In our operating markets, it’s all about trust, so it was difficult to start building relationships without proof - probably similar to most businesses. At the start, our challenge was to find local key-partners that could lead us to more. “Seeing is believing” really had an effect and after the first projects, the following clients were much easier to convince.
Our challenge today is to grow our crowd investor audience as much and fast as our project portfolio. When we started we had a lot of crowd investors but not enough projects, and now it’s the other way round. As with every two-sided market, the two sides need to be kept in balance. At this stage we’re preparing to focus on more marketing activities and advertising to boost our crowd investor base.(Unrecognized node type) embedded-asset-block
View of the finalized solar panel project at the Nyaho Medical Centre in Accra, Ghana.
How do you think about the role of finance leaders in creating a positive impact?
It all starts with building sustainability in your DNA, and finance professionals can simply start by being aware of the positive and/or negative impact their actions are having.
Simple things such as seeing where you can be CO2 neutral for instance can help to reduce the negative impact, but we have to take this to a new level and take actions on where the business model itself can potentially contribute to do good, and those possibilities are endless.
There are so many challenges in nature and society that big firms can tackle in a profitable way. I particularly believe there’s a big responsibility on the investor side, if you have different assets in your portfolio it’s important to think about what can benefit the future instead of what you can exclude - at the moment, investors focus too much on exclusion lists rather than on going for real impact-driven investments at large scale.
co-founder and CFO at ecoligo
How do you see the future of impact finance?
I see a bright future.
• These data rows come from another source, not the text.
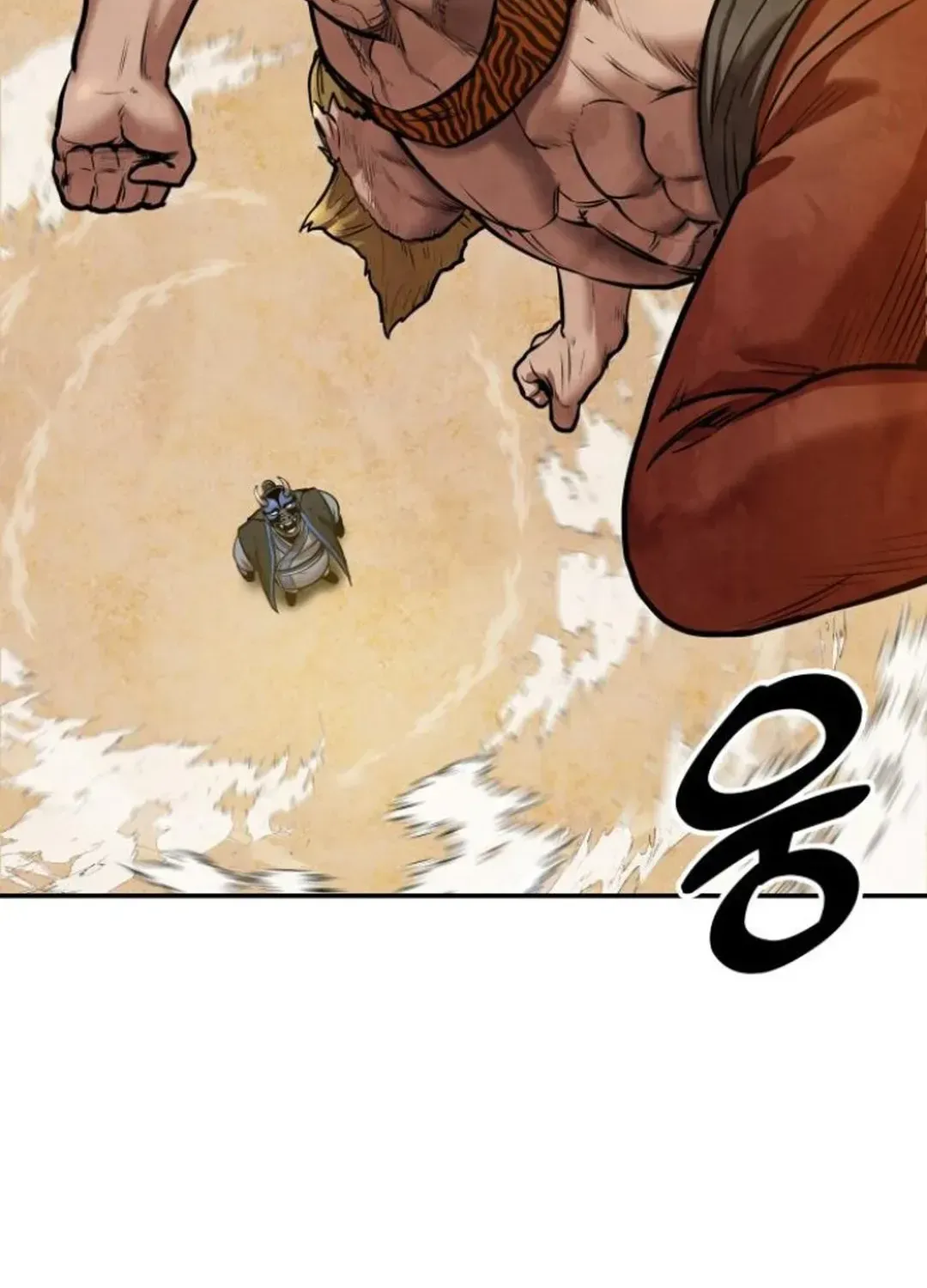 Read Builder chapter 50 image 76 on Lezhin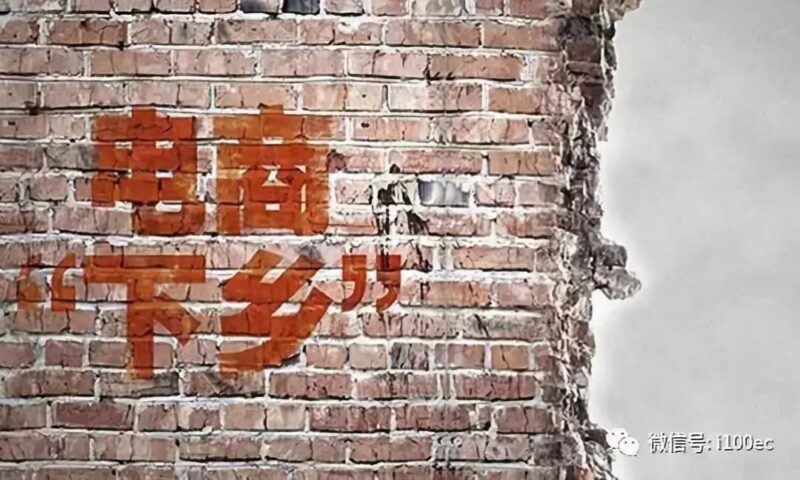 农村电商发展现状分析-1 农村电商发展现状分析-1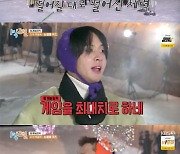 '1박2일' 라비, 승자 문세윤에 오히려 감사 "덕분에 지옥 탈출"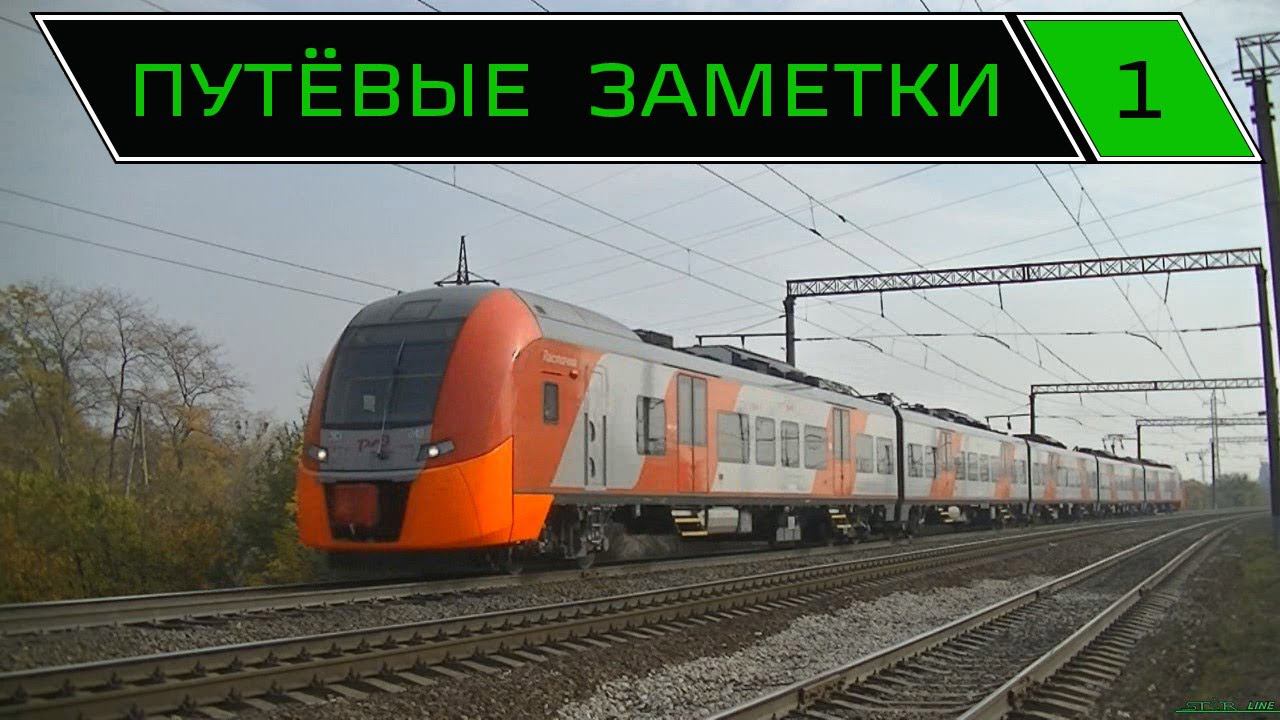 "Путёвые заметки" 1 (Rail mix) Краснодар, Кавказская смотреть онлайн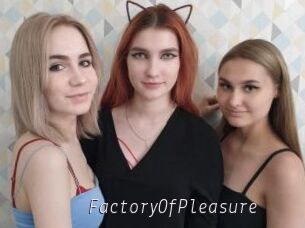 FactoryOfPleasure
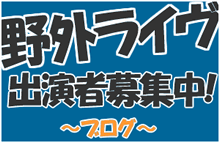 野外ライヴ　出演者募集中！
The topic has gained popularity through the years, and the recent crisis has only made awareness grow. Popularity itself isn’t enough for sure, but it’s a good thing to start tackling the topic on a bigger scale. I think it’s great to see big investors like Blackrock creating impact funds, it shows there’s not only a social interest but also a financial one.
Unfortunately, some of the biggest companies here in Germany are not leading by example. Thinking about the Siemens case to supply an Australian coal mine, decisions are still made with a short-term financial perspective which won’t succeed in the long-run.
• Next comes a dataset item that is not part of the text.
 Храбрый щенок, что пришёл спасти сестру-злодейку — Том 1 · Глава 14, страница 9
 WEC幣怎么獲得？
What do you enjoy most about your job?
The diversity of people in our team. We have employees working in 6 different countries spread all over the globe with very different cultural backgrounds. We have also managed to keep a gender balance of 50:50.
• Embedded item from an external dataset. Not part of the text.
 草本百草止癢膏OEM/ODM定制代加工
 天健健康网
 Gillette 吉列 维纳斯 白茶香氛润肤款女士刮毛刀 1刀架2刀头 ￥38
In my particular role as CFO, I enjoy being not only exposed to the classic finance topics but also having the responsibility over the marketing department, as this is an elemental piece of our project fundraising via the crowd investors. As the topic of crowd investing is gaining great momentum and a lot of policies change here in Europe to facilitate online investments, it is a fabulous industry to combine with the renewable energy sector of which I’ve been part of for many years.
Any resources you’d recommend for those who’d like to learn more impact finance?
I am more into classic startup literature, and recently I’ve been hooked up with No Rule Rules by Reed Hastings (Netflix’s founder). My philosophy about impact finance is to practice it as much as possible rather than reading a lot about it - although it’s a great way to learn too! I don’t think there is a certain “art” you must learn to do good, but practicing on how you invest, how you create projects, makes the difference.